EXERCISE DETAILS: Repeat the listing exactly as given, omitting every image.

PROVIDED MATERIAL:
##########
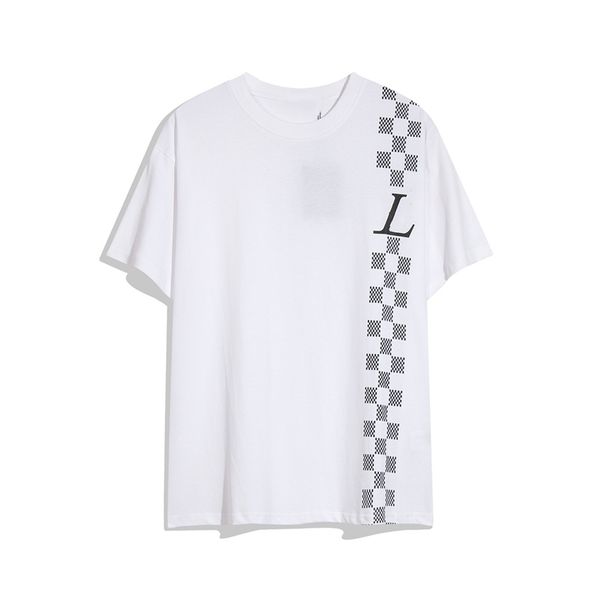 fashion men's t-shirt 2023 louiseity men's t-shirts retro decoration cotton soft anti-wrinkle letter printing casual couple short, White;black
fashion men's t-shirt 2023 louiseity men's t-shirts retro decoration cotton soft anti-wrinkle letter printing casual couple short, White;black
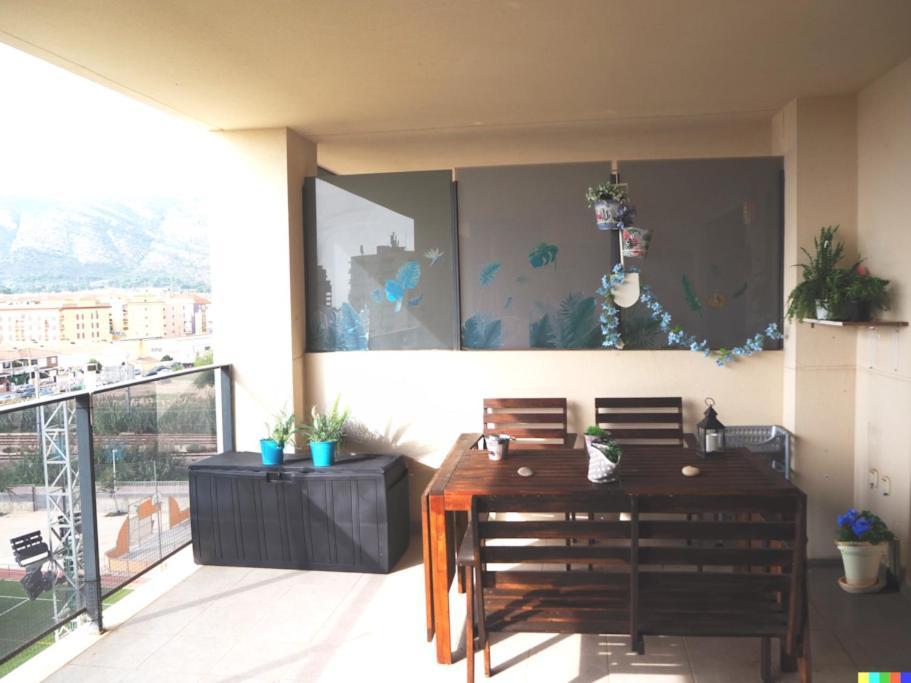 Apartmán La Panoramica Oropesa del Mar Exteriér fotografie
##########
RESPONSE:
 fashion men's t-shirt 2023 louiseity men's t-shirts retro decoration cotton soft anti-wrinkle letter printing casual couple short, White;black
fashion men's t-shirt 2023 louiseity men's t-shirts retro decoration cotton soft anti-wrinkle letter printing casual couple short, White;black
 Apartmán La Panoramica Oropesa del Mar Exteriér fotografie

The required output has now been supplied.